## ASSIGNED TASK
Output the entries below exactly, from the first line to the line holding "Vaud et Valais", both included.

(Records drawn from a dataset)
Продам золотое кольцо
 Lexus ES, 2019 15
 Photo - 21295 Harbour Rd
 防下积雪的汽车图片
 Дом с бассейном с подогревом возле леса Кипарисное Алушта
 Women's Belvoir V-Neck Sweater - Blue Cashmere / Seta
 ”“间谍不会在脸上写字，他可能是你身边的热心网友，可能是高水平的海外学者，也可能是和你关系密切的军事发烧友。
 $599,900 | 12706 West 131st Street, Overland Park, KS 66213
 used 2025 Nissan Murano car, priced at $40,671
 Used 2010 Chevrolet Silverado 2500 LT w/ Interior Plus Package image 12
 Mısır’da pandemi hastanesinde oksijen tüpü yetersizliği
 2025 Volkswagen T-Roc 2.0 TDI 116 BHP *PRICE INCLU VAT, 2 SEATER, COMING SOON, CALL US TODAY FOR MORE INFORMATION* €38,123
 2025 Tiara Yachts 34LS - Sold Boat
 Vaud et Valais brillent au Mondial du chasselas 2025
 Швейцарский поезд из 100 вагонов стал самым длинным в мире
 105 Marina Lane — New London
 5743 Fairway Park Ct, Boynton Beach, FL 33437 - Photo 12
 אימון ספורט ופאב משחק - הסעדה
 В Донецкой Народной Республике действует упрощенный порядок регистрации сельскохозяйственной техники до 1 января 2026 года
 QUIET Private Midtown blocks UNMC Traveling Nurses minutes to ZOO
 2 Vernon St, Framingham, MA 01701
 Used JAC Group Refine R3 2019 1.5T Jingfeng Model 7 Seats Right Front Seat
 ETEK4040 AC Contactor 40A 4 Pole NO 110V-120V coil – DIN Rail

## ANSWER
Продам золотое кольцо
 Lexus ES, 2019 15
 Photo - 21295 Harbour Rd
 防下积雪的汽车图片
 Дом с бассейном с подогревом возле леса Кипарисное Алушта
 Women's Belvoir V-Neck Sweater - Blue Cashmere / Seta
 ”“间谍不会在脸上写字，他可能是你身边的热心网友，可能是高水平的海外学者，也可能是和你关系密切的军事发烧友。
 $599,900 | 12706 West 131st Street, Overland Park, KS 66213
 used 2025 Nissan Murano car, priced at $40,671
 Used 2010 Chevrolet Silverado 2500 LT w/ Interior Plus Package image 12
 Mısır’da pandemi hastanesinde oksijen tüpü yetersizliği
 2025 Volkswagen T-Roc 2.0 TDI 116 BHP *PRICE INCLU VAT, 2 SEATER, COMING SOON, CALL US TODAY FOR MORE INFORMATION* €38,123
 2025 Tiara Yachts 34LS - Sold Boat
 Vaud et Valais brillent au Mondial du chasselas 2025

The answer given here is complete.